- **ABOUT THIS TASK**
Pictures must be kept out of the copy. Every entry is to be duplicated exactly.

[Caption-style text data]
....................
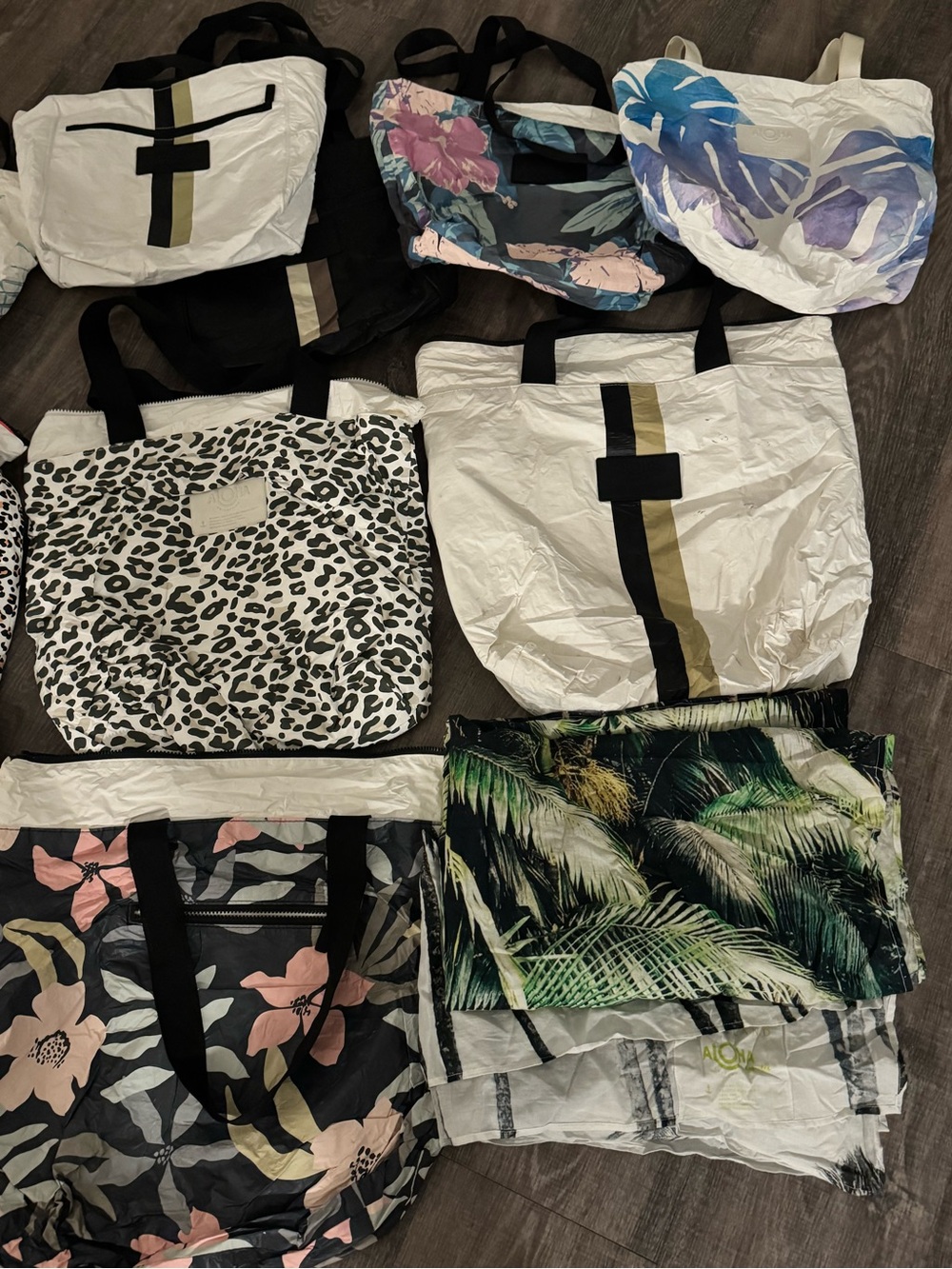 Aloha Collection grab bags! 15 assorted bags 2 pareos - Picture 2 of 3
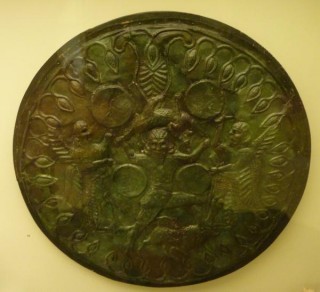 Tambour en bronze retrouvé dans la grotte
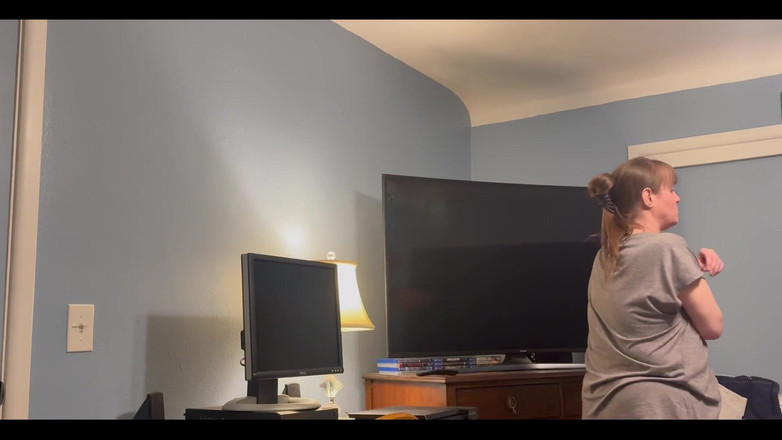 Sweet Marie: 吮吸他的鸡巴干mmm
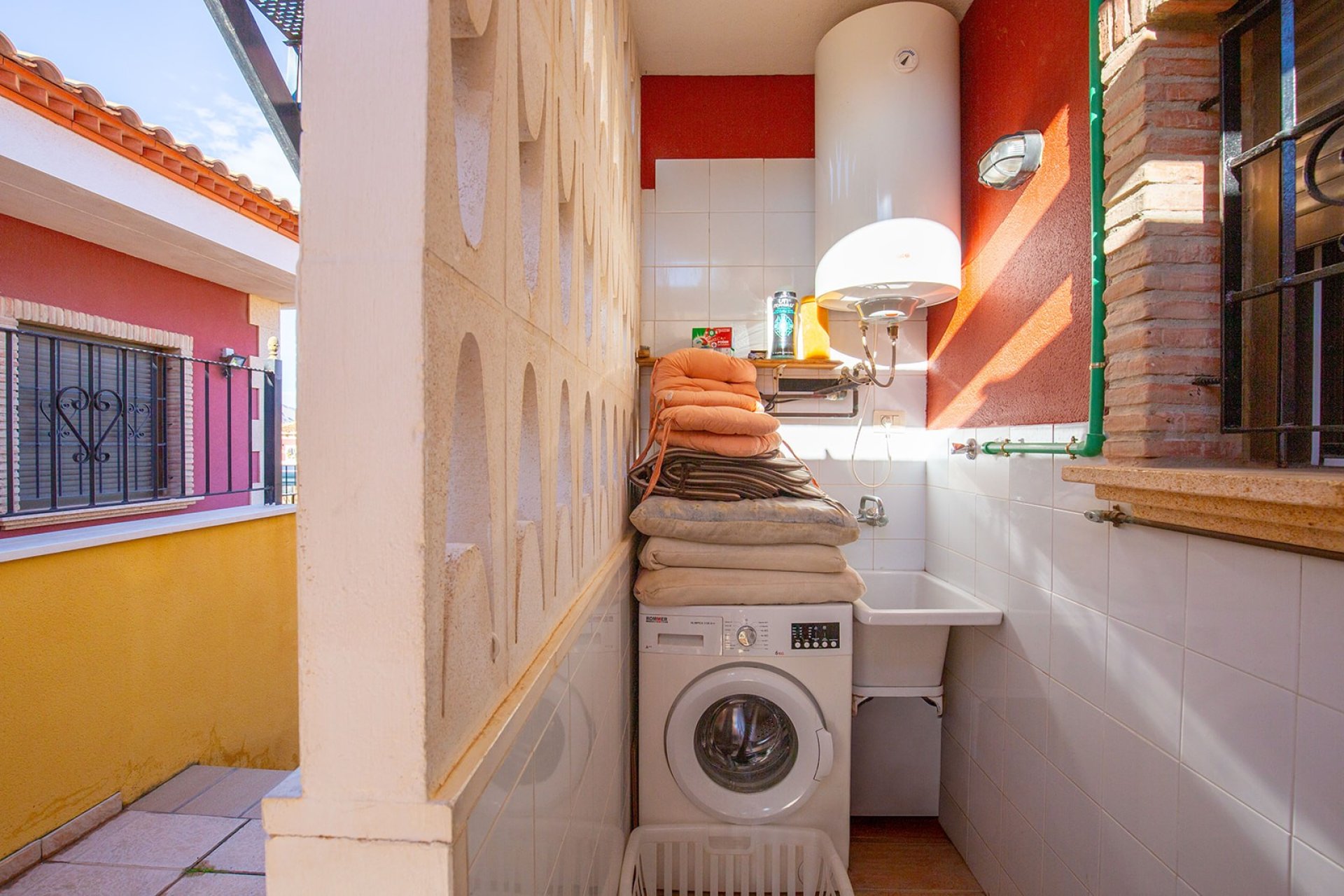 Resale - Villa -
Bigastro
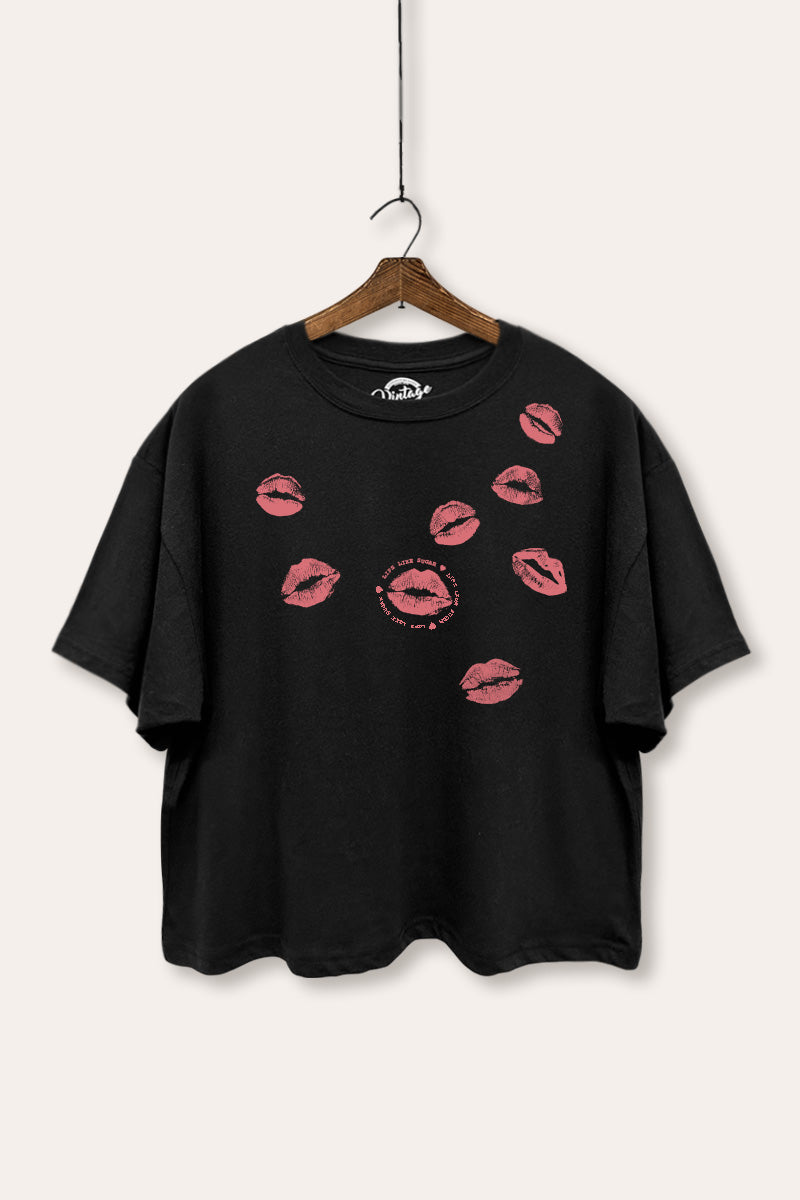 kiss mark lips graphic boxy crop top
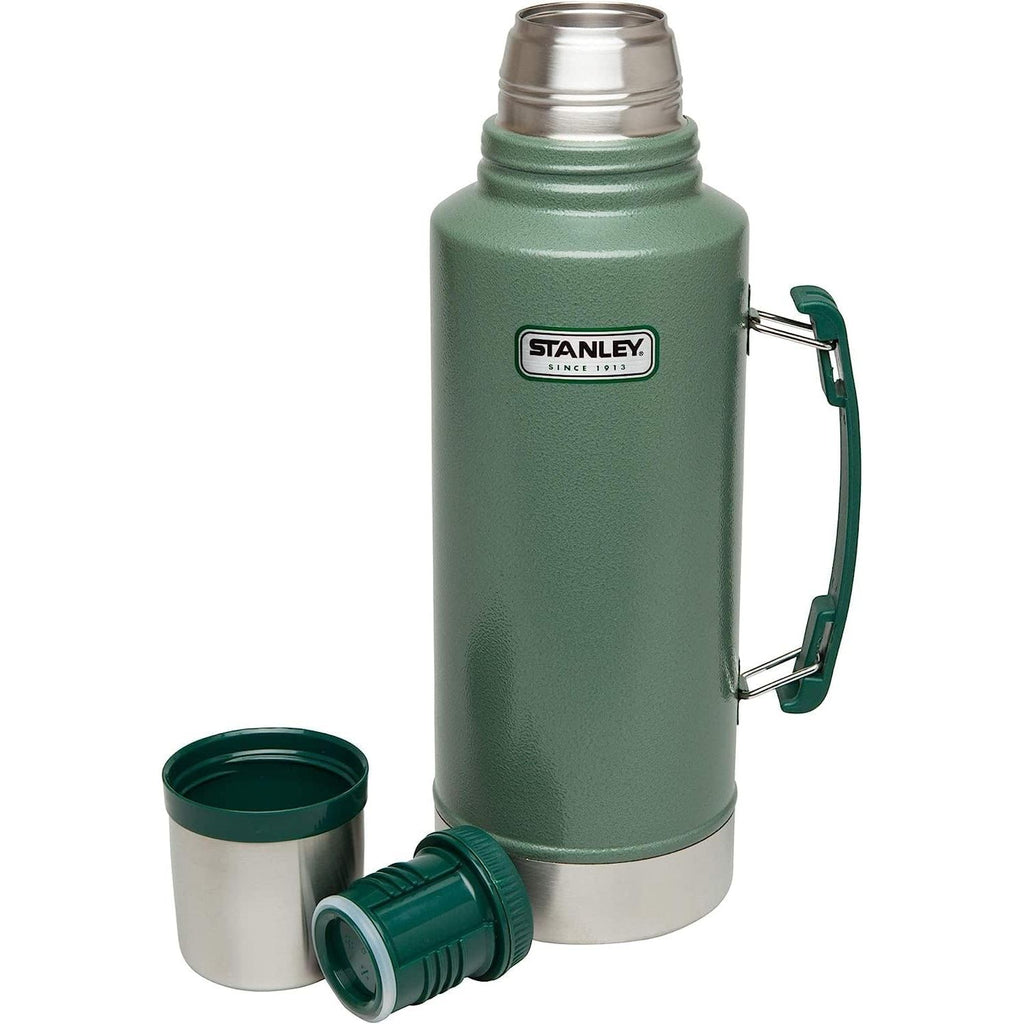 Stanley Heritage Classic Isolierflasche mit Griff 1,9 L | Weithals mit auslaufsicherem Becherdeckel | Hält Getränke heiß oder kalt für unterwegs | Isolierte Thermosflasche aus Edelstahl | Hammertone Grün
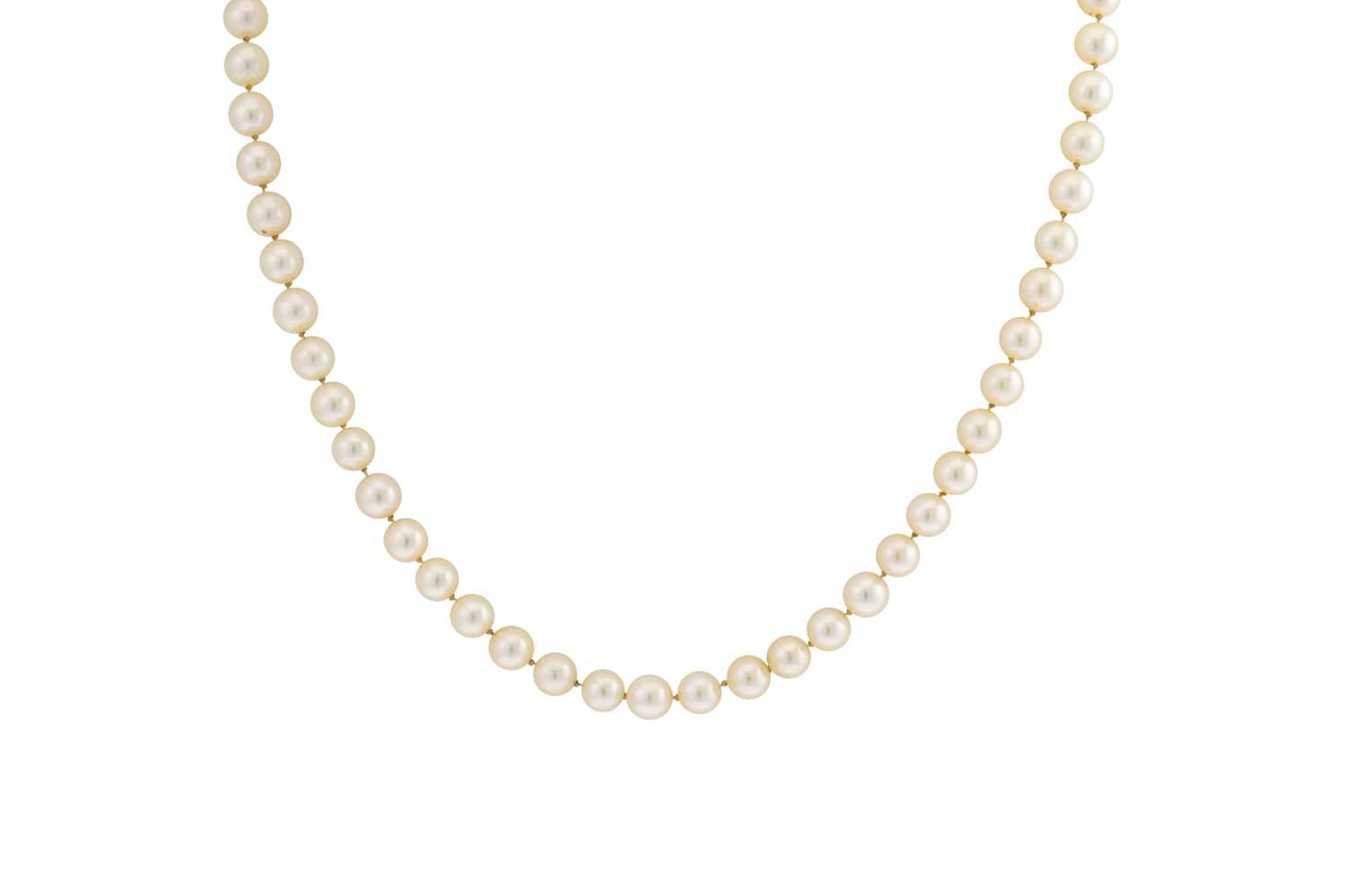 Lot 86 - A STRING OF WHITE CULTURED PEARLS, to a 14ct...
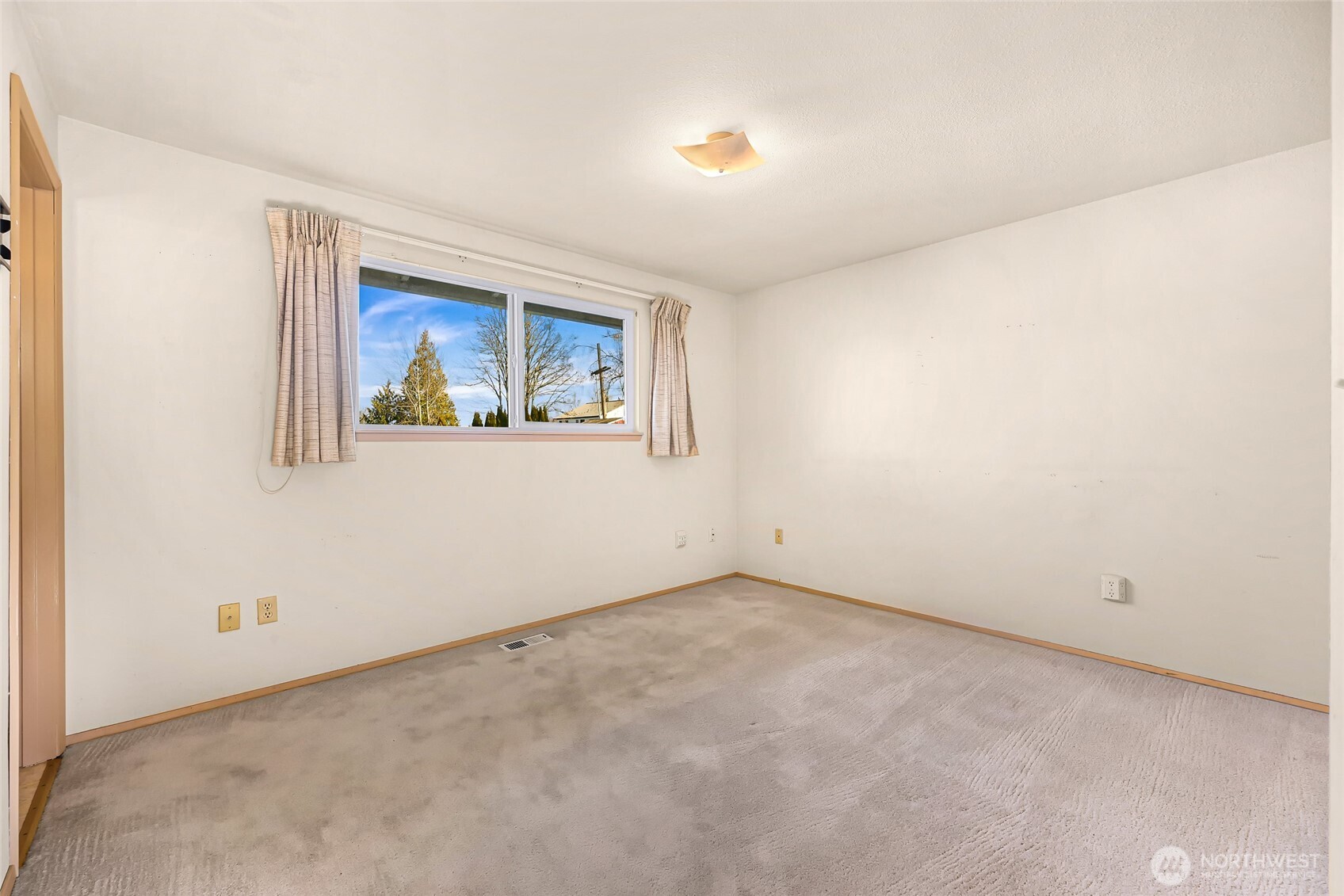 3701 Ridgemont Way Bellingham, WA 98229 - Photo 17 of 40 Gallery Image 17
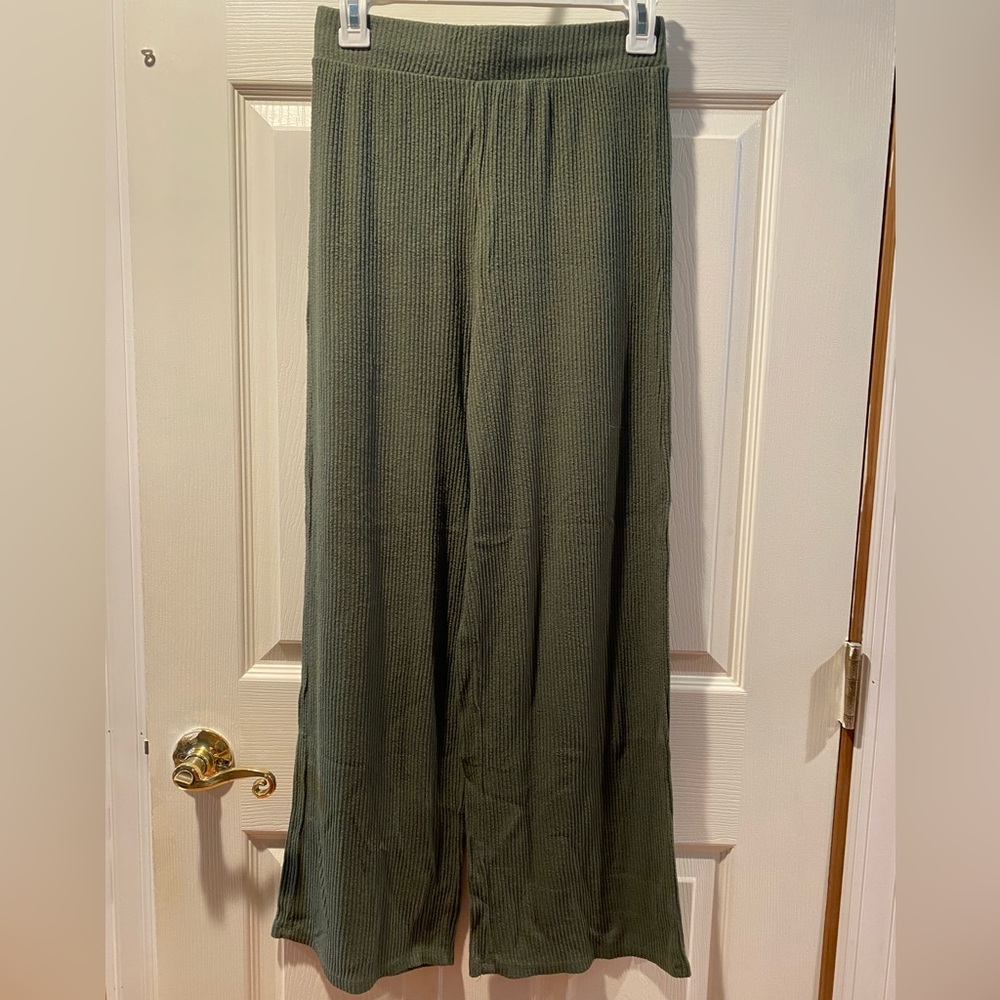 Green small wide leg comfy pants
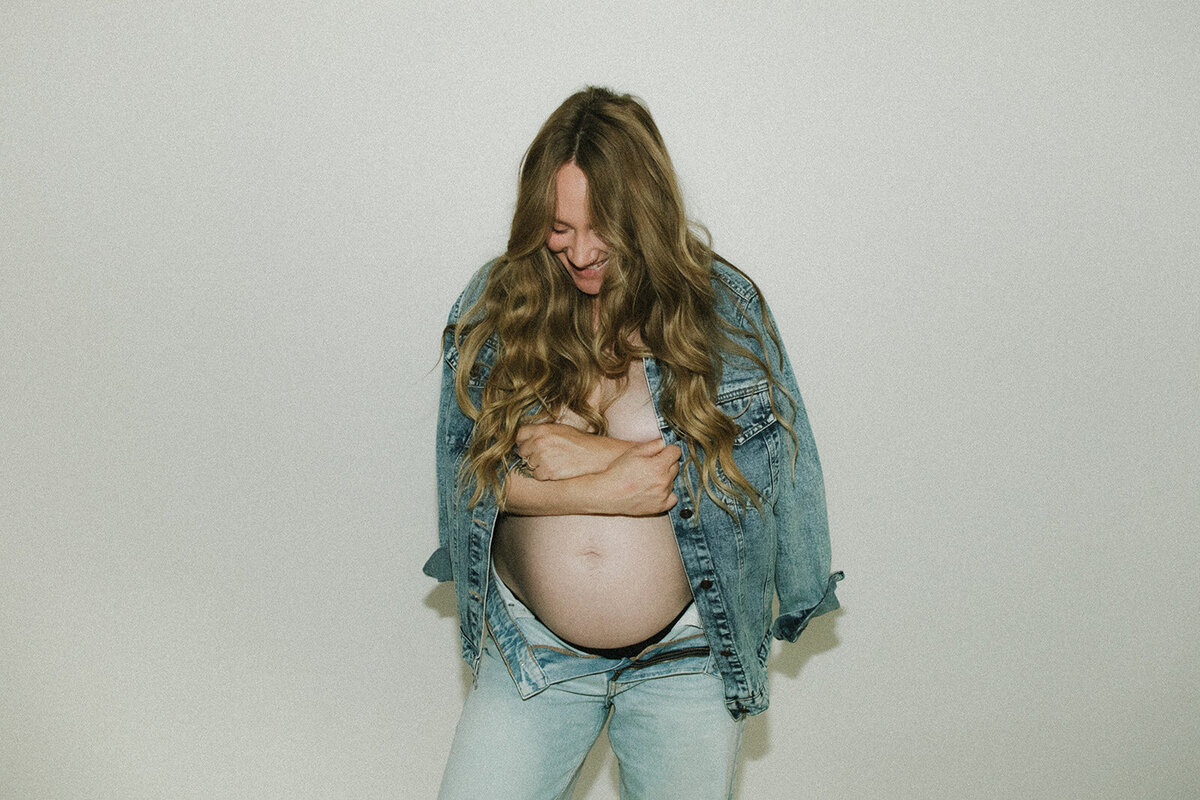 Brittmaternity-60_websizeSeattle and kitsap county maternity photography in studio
....................
- **WRITTEN RESPONSE**
 Aloha Collection grab bags! 15 assorted bags 2 pareos - Picture 2 of 3
 Tambour en bronze retrouvé dans la grotte
 Sweet Marie: 吮吸他的鸡巴干mmm
 Resale - Villa -
Bigastro
 kiss mark lips graphic boxy crop top
 Stanley Heritage Classic Isolierflasche mit Griff 1,9 L | Weithals mit auslaufsicherem Becherdeckel | Hält Getränke heiß oder kalt für unterwegs | Isolierte Thermosflasche aus Edelstahl | Hammertone Grün
 Lot 86 - A STRING OF WHITE CULTURED PEARLS, to a 14ct...
 3701 Ridgemont Way Bellingham, WA 98229 - Photo 17 of 40 Gallery Image 17
 Green small wide leg comfy pants
 Brittmaternity-60_websizeSeattle and kitsap county maternity photography in studio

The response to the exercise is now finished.